Were You Meant To Date In A Different Century?
Have you ever found yourself at a club or bar, seen two people who have never exchanged one word start grinding to your right, a few women walk out of the bathroom to your left readjusting the gel pads over their breasts in their bandage dresses, and a cocktail server in front of you offering you a “Slippery nipple shot” and thought to yourself I don’t belong in this decade. Or perhaps I don’t belong in this century. I’ve felt that way plenty of times. In fact, I can’t tell you how many times a man has said something to me—either in person or online—that I found utterly offensive, that my friends told me was a perfectly normal thing for a man to say to a woman. What?! How is that perfectly normal if I’m literally considering calling the police on this person? Hey, some of us just were destined for a different time. Were you meant to date in a different era?
You love phone calls
If a man wants to ask you out, he can call you. In fact, you love when people call! You love the formality and intimacy of a phone call. You’re just put off by dates that are planned via text, and you’re always impressed when a man calls you, asks how you are, and states he’d like to take you out (not just “grab drinks some time” but “take you out on the town”).
You believe in proper dates
You believe in actual dates—dates that are planned, dates that have set activities, dates that might involve drinks here and dinner there. You aren’t crazy about the casual dating culture in which someone invites you (with two hours notice) to meet him at a bar…with his friends to “see where the night goes.”
You wait a while to hook up
You think sex is kind of a big deal and you don’t do it with someone you’ve only been out with a few times. You need to feel like this relationship has legs before you hop into bed with somebody.
You like to dress up
You think a date should be an occasion to dress up, which is why you don’t love it when a date tells you that you can just wear jeans or something comfy to the spot he’s taking you. If that’s the wardrobe requirement then, in your opinion, that is not a date spot.

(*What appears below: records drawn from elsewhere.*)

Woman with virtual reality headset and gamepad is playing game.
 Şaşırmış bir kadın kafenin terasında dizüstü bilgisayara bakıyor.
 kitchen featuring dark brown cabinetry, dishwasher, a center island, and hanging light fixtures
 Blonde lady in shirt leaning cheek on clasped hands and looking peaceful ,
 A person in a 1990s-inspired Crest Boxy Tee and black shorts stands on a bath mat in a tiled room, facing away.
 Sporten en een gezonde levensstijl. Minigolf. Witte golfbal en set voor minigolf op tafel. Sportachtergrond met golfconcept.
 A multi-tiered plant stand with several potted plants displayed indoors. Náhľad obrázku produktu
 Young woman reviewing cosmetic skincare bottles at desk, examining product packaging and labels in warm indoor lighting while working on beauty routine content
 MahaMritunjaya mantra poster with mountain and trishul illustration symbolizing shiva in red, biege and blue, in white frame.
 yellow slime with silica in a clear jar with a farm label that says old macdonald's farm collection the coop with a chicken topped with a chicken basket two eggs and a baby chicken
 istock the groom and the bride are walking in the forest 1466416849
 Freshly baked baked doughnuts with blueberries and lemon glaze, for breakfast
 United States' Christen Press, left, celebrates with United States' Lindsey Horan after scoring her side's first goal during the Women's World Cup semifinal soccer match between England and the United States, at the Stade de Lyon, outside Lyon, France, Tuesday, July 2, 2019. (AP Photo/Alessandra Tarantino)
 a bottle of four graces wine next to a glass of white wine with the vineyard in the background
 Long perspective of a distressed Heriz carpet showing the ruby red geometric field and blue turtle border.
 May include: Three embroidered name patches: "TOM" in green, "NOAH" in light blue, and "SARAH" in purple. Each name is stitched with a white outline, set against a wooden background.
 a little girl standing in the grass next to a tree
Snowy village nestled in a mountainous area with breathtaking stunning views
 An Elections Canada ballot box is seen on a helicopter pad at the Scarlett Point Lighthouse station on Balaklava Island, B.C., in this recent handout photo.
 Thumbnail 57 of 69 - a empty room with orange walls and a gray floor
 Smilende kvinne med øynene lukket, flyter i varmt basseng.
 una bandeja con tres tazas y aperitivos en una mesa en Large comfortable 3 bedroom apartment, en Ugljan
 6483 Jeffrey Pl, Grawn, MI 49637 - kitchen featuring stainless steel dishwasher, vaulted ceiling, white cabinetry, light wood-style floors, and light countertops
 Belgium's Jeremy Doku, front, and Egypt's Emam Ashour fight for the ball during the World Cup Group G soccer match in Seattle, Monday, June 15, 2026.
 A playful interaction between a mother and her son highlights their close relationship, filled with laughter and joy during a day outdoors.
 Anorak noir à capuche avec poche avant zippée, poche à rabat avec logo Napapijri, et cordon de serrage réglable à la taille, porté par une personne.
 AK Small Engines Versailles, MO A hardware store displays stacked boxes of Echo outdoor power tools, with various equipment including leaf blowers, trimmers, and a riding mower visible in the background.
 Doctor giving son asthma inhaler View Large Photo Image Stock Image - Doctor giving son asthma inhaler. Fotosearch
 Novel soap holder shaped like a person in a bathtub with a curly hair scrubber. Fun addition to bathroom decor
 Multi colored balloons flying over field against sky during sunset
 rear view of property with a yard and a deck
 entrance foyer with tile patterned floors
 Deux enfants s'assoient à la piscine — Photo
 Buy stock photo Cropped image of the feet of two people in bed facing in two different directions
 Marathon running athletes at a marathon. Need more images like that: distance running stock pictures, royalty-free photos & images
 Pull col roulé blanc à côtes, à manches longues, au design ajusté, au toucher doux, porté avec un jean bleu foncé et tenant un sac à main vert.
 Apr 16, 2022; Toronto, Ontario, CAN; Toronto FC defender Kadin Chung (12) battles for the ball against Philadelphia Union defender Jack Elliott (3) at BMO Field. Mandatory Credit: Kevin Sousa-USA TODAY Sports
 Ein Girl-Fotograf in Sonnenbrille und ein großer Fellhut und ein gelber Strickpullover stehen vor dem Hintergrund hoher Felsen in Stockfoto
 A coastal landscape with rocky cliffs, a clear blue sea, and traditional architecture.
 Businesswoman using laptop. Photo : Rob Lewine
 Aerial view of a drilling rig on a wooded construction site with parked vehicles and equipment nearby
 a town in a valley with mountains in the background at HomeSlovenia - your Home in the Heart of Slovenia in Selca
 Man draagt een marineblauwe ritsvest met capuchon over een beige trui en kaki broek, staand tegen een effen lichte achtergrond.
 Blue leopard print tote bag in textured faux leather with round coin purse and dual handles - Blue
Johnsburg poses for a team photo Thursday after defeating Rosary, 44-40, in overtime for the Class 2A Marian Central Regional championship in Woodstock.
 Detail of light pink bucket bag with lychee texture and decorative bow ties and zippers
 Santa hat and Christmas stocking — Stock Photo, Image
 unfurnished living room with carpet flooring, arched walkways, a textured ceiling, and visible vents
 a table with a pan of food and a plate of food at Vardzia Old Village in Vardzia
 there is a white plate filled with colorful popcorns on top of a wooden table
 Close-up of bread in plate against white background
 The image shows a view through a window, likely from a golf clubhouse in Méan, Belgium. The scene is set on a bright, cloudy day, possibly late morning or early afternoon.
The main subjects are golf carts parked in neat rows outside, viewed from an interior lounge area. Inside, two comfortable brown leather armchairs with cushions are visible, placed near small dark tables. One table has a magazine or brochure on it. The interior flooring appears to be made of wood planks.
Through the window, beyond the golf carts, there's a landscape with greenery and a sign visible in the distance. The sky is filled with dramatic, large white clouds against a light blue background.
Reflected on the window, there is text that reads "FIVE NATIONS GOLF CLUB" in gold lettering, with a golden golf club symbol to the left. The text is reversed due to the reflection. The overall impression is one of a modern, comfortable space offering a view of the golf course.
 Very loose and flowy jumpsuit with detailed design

A food truck is not for dates
Look, you love a good food truck as much as the next Korean taco fan but…you don’t think food trucks are good for dates. Unless your date has packed a lovely picnic basket of wine and appetizers to go with it, along with a blanket, and he has selected a romantic hilltop spot with a view to eat your food.
You’re very private
You find that you are a lot more private than most of your peers. You don’t post photos or anecdotes on social media about your dating life, sex life, or bathroom habits. You post very modest photos. And, honestly, you’re just not that into social media.
You think he should get the cab/walk you home
You believe men should get your cab or Lyft to send you home. You believe men should walk you to your car (if you feel okay with that). You believe men should give you their jacket, and walk on the side of the street near traffic.
You like much older people
You’ve always tended to click with people who are a couple of decades older than you are, whether that’s been platonically or romantically. Some of your best friends are a good 15 to 20 years older than you are and the way they think and talk about dating makes sense to you.
You love letters
Oh my gosh do you love a good letter. You love the intimacy of holding a piece of paper that the other person touched. You love how someone’s personality shows through in their handwriting. You really wish you got more letters.
You believe men should chase you a little
You believe that men should make you feel like they are willing to work for it. It amazes you sometimes how quickly men just give up if you aren’t able to go out on the first two dates they recommend. I mean, hello—you’re special. You’re worth a reschedule.
The term F*&k boy insults your senses
You hate that term. Seriously. When you heard it, you considered moving to another country.
People say you have an old soul
People often tell you that you have an old soul. When you tell people how old you are, they are shocked—not because of the way you look, but because of the way you compose yourself.
You want more dancing, but less grinding
You actually wish that dancing was a regular part of dating—the way it may have been sixty years ago. But you don’t want to grind. You want to swing, waltz, jive, and do the mambo.
You love a man with a vintage style
You’re very attracted to men who wear top hats, ascots, suspenders, and patent leather lace up shoes. If a man owns a record player and classic records, you think you’re in love.
You despise all the acronyms
F2F, FWB, BBW—these acronyms make you nauseous. If anyone tries to talk to you online using these, you block them immediately. You just know there is no way you could ever connect with someone who uses acronyms.